C:\Program Files\IBM\WebSphere\AppServer\profiles\AppSrv01
\installedApps\<CellName>\IdentityMinder.ear\management_console.war

** login.html
Create a text file named login.html. Add the following code to this file.

<html> 	
  <head><title>CA Identity Manager</title></head> 	
   <body> 	
  <form method="POST" action="j_security_check"> 	
  <table border=0> 	
  <tr> 	
   <td>Username:</td> 	
   <td><input type="text" name="j_username"></td> 	
  </tr> 	
   <tr> 	
   <td>Password:</td> 	
    <td><input type="password" name="j_password"></td> 	
  </tr> 	
  <tr> 	
 <td colspan=2 align=center><input type=submit value="Submit"></td> 	
</tr> 	
</table> 	
</form> 	
</body> 	
</html> 
** error.html <html> <head><title>Login failed</title></head> <body> <h4>Sorry, your user name and password were not recognized.</h4> <a href="login.html">Return to login page</a> </body> </html>

Copy these two files into:

C:\Program Files\IBM\WebSphere\AppServer\profiles\AppSrv01\config\cells\<cell name>\applications\iam_im.ear
\deployments\iam_im\management_console.war

Step 5:
-------
Make sure to do this step for EVERY node in your clustered environment (if clustered):

In a text editor, open application.xml located in the following directory:

C:\Program Files\IBM\WebSphere\AppServer\profiles\AppSrv01\installedApps\<cell name>\iam_im.ear\META-INF

Edit this file by adding the following lines, just above </application>:
<security-role id="imadministrators">
<role-name>imadministrators</role-name>
</security-role>

Save the file.

Copy the file to the following location (it's advised that you backup the file before running it over):

C:\Program Files\IBM\WebSphere\AppServer\profiles\AppSrv01
\config\cells\<CellName>\applications\IdentityMinder.ear\deployments\IdentityMinder\META-INF

Step 6:
-------
restart the Websphere services.

Step 7:
-------
Log back into the Websphere Administrative Console.

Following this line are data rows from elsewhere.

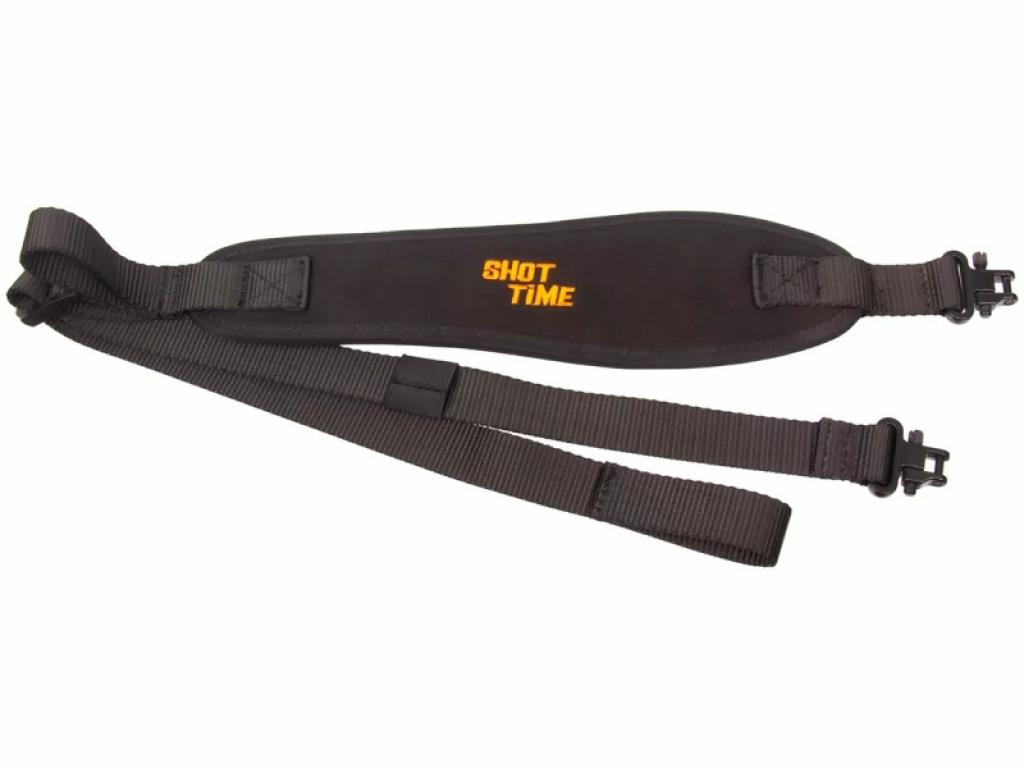 Ремень оружейный ShotTime с быстросъемными антабками (ширина 8 см, длина 108 см, черный) Ремень оружейный ShotTime с быстросъемными антабками (ширина 8 см, длина 108 см, черный)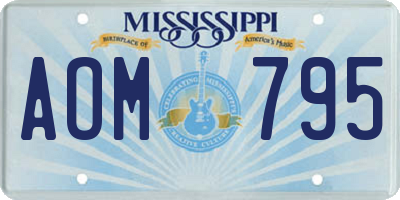 MS license plate AOM795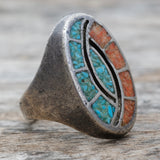 Vintage Sterling Crushed Turquoise and Coral Inlay Ring 9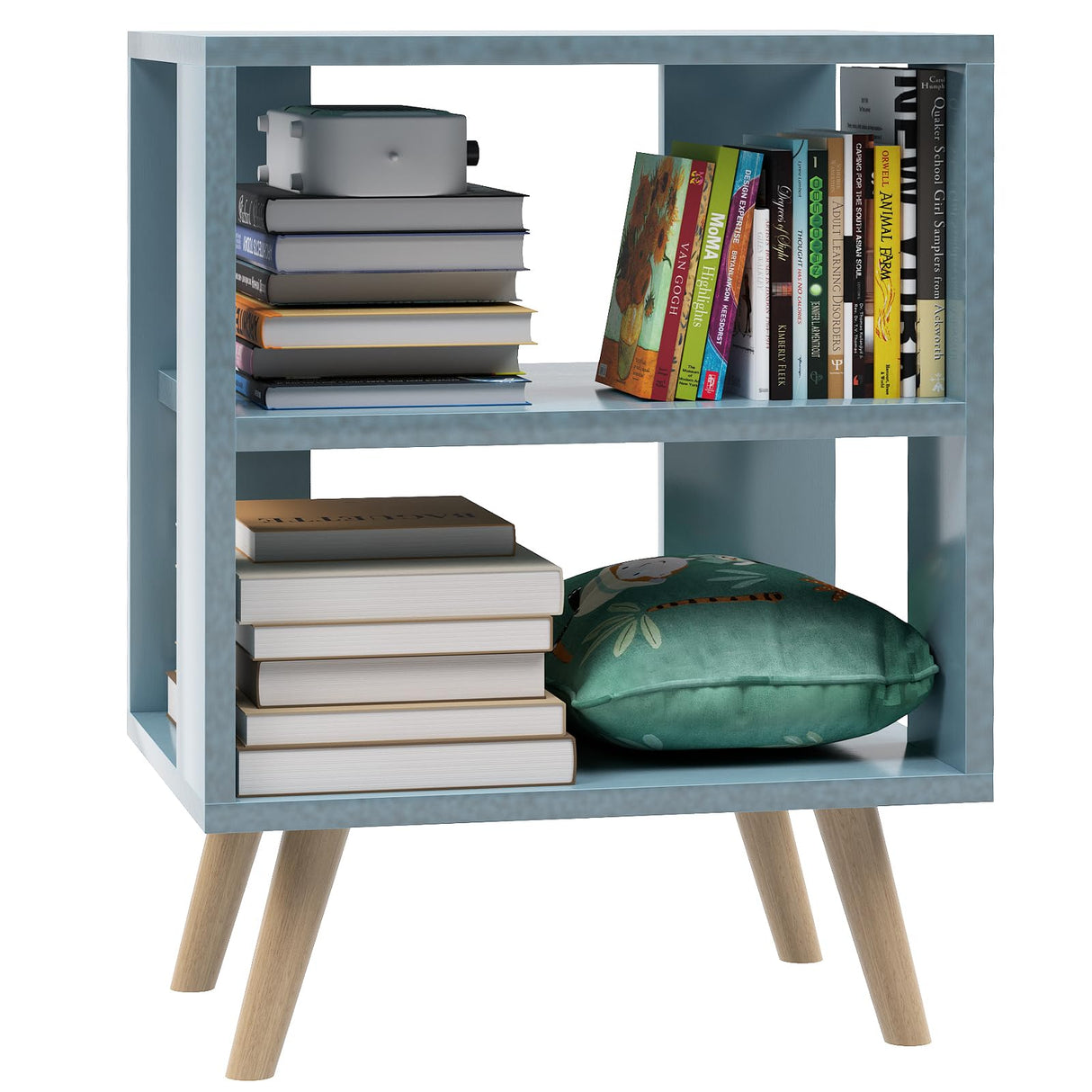 Stand, Blue Kids Nightstand, Modern End Table with Open Storage, 2-Tier Nursery Bedside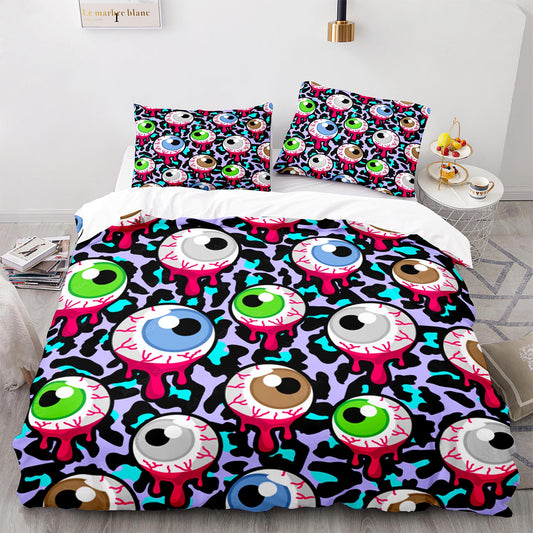 Parure de lit avec housse de couette et taies d'oreiller pour adolescents et adultes, taille King size, WXR1006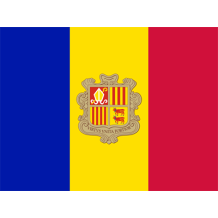Official Flag of Andorra design for baby products like pacifiers and bibs, showcasing vibrant blue, yellow, and red co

Click on Applications, Enterprise Applications.
Select the IdentityMinder application.
Under Detail Properties click on "Security role to users/group mapping."
Select imadministrators and click "Look up users."
Click Search.
Select the "wsadmin" and use the right arrow button to move it to the right.
Click OK twice.
Save your changes.
Restart the IdentityMinder application.
Log in to http://servername:9080/idmmanage.
You should see a form login page.
Enter the username/password that you defined above.
The Management Console is now protected.
Note: Verify that Workflow still functions properly after making these changes.